One of the biggest data releases of the year is a new series from the Bureau of Labor Statistics
. This is an extension of their population Business Employment Dynamics but one that adds more detail on two important measures – business age and survival – into their publically available series. Dive into the data
or read their overview of the release
I plan to spend more time with this data in the next few weeks as it fits nicely into a paper I am writing. For the time being, I looked at the data mostly to see if there was anything that looked really off or significantly different from a similar data release from the Census Bureau
and I am pleased to not have many problems to report. Perhaps the table that I found of most interest employment in surviving establishments. BLS has done an outstanding job of presenting the data in a logical manner so that each cohort of establishments can be followed over time without difficulty. So with this perspective
, it becomes easy to see that on average after more than 15 years, only about a quarter of establishments are surviving but that these establishments have grown in employment over time from an average of 7 to about 17 employees.
The BLS release of this data continues a trend at U.S. statistical agencies to add age as a component of ongoing business measurement and public release.
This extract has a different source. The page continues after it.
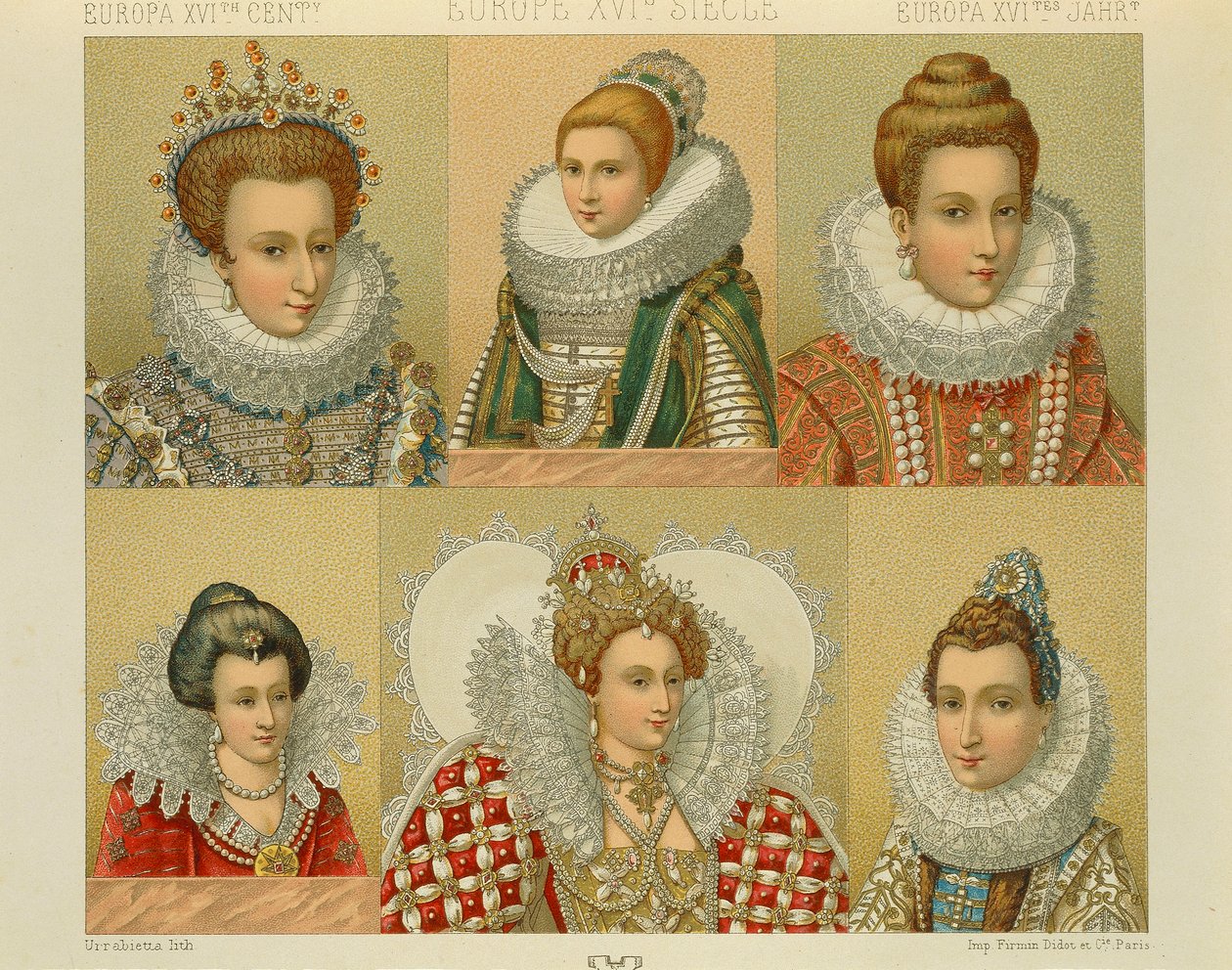 "Le Costume Historique" (Úplná historie kostýmů) od Auguste Racinet, svazek IV od Albert Charles August Racinet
It's a very exciting trend to see continuing and should bring more research in this area. Also of note in the last few weeks on this topic is the publication of a "Who Creates Jobs? Small v.s Large vs. Young"
by Haltiwanger, Jarmin, and Miranda. This is a good overview of why looking at business age as a component of analysis in government data is an important issue when studying job creation.
I should note that this is establishment data – not firm level data – so it doesn’t match perfectly with Census in that regard and will include both new companies and new locations of existing companies.